August 19, 2013
Irene McCarthy, Appellant,
Revocable Trust Agreement of Thomas J. McCarthy, et al., Respondents.
Ross, Judge Morrison County District Court File No. 49-CV-12-1037
George L. May, Law Office of George L. May, Woodbury, Minnesota (for appellant)
Francis J. Rondoni, Jeffrey D. Bores, Gary K. Luloff, Chestnut Cambronne, PA, Minneapolis, Minnesota (for respondents)
Considered and decided by Bjorkman, Presiding Judge; Ross, Judge; and Willis, Judge [*]
In this fraudulent-transfer dispute, Irene McCarthy challenges the district court's dismissal of her claims against the trustees and beneficiaries of a trust created by her deceased ex-husband, Thomas McCarthy, allegedly to avoid his written promises to pay her $500, 000. Irene asserts that her fraudulent-transfer claim should survive the trustees and beneficiaries' motion to dismiss for failure to state a claim because she alleged sufficient facts to demonstrate a fraudulent transfer, because Thomas and his estate are not necessary parties to this action, and because fraudulent-transfer actions should be treated as tort claims excluded from the probate code's statute of limitations. Because Irene was not a creditor and had no claim to the $500, 000 at the time she filed her claim, we affirm.
Irene and Thomas McCarthy were married in 1956 and divorced in 1973. See McCarthy v. McCarthy, 301 Minn. 270, 271, 222 N.W.2d 331, 332 (1974). Irene filed a civil suit alleging that she contracted with Thomas in March 1973 in contemplation of their divorce trial. Under the alleged contract, Irene agreed not to call certain witnesses that would describe his conduct during a business trip to Las Vegas and whose testimony might cost him his job. Irene alleges that, in exchange, Thomas agreed to bequeath $500, 000 to her, or, if she predeceased him, to their two children. The money would be due sooner than Thomas's death if Thomas lost his monetary interest in Cahill Land Company.

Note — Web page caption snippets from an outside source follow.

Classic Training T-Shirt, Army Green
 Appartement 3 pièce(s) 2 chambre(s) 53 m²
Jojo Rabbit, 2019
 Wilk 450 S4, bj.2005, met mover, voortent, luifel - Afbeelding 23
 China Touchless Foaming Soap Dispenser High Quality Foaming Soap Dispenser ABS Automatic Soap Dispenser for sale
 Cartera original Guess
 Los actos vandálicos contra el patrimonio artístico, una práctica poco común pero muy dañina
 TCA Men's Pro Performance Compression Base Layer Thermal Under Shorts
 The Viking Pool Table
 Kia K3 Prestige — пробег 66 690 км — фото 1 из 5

Irene alleges that she and Thomas entered into a second contract soon after their divorce. She alleges that Thomas reiterated his previous commitment to pay the $500, 000 on the same terms as before but that Irene additionally agreed not to maintain a lawsuit against Thomas for assaulting her. This contract again provided for an earlier payment obligation once Thomas no longer had a monetary interest in Cahill Land Company. And Irene alleges that she orally agreed not to disclose certain illegal tax activities that she asserts Thomas engaged in, and that she upheld her end of all the agreements.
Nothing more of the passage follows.